Open swissspidy opened 6 years ago
The reason why commands like this use WP_Filesystem
is because we want to adhere to all permissions/security settings on the server that were configured for WordPress. Otherwise, we might create files with too lax permissions that are directly accessible from the web.
wp scaffold plugin
works if you add this to the beginning of the function.

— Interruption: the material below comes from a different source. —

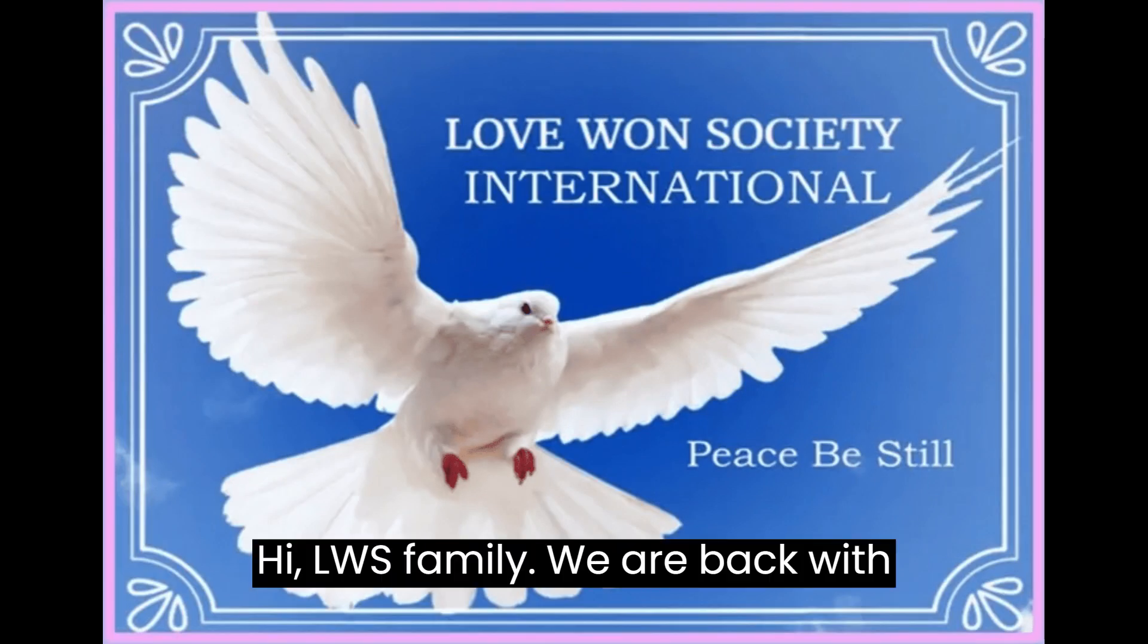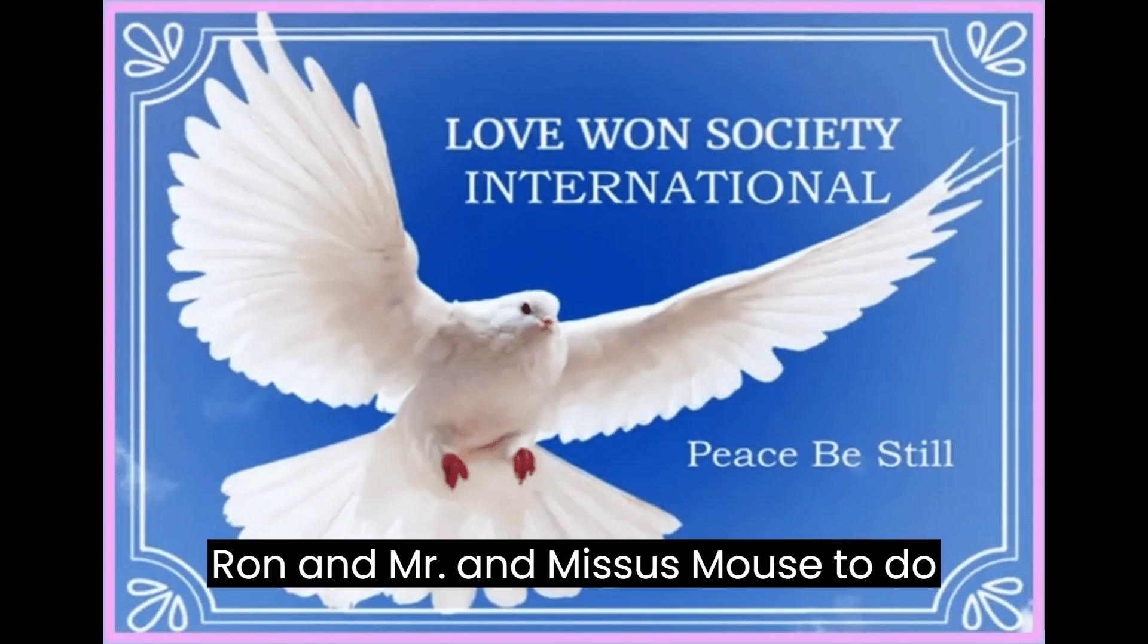Hi LWS family, we are back with Ron and Mr. and Mrs. Mouse to do our audio chat series number 28.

define( 'WP_CONTENT_DIR', ABSPATH . 'wp-content' );
define( 'WP_LANG_DIR', WP_CONTENT_DIR . '/languages' );
define( 'WPINC', 'wp-includes' );
require_once ABSPATH . 'wp-includes/functions.php';
require_once ABSPATH . 'wp-includes/load.php';
require_once ABSPATH . 'wp-includes/formatting.php';
require_once ABSPATH . 'wp-includes/plugin.php';
require_once ABSPATH . 'wp-includes/l10n.php';
require_once ABSPATH . 'wp-admin/includes/file.php';
In my case, I do have the WordPress files present, but I don't have a database connection.
A blast from the past 😄
So my original issue was that I wanted to scaffold a plugin in an arbitrary location, without having a WordPress install. But if WP is detected, using the filesystem functions make sense. Right now that's not possible though.
I don't see why a command like
wp scaffold plugin-tests
should require WordPress to be loaded. UsingWP_Fileystem
to copy/create a bunch of files seems unnecessary in this case IMO.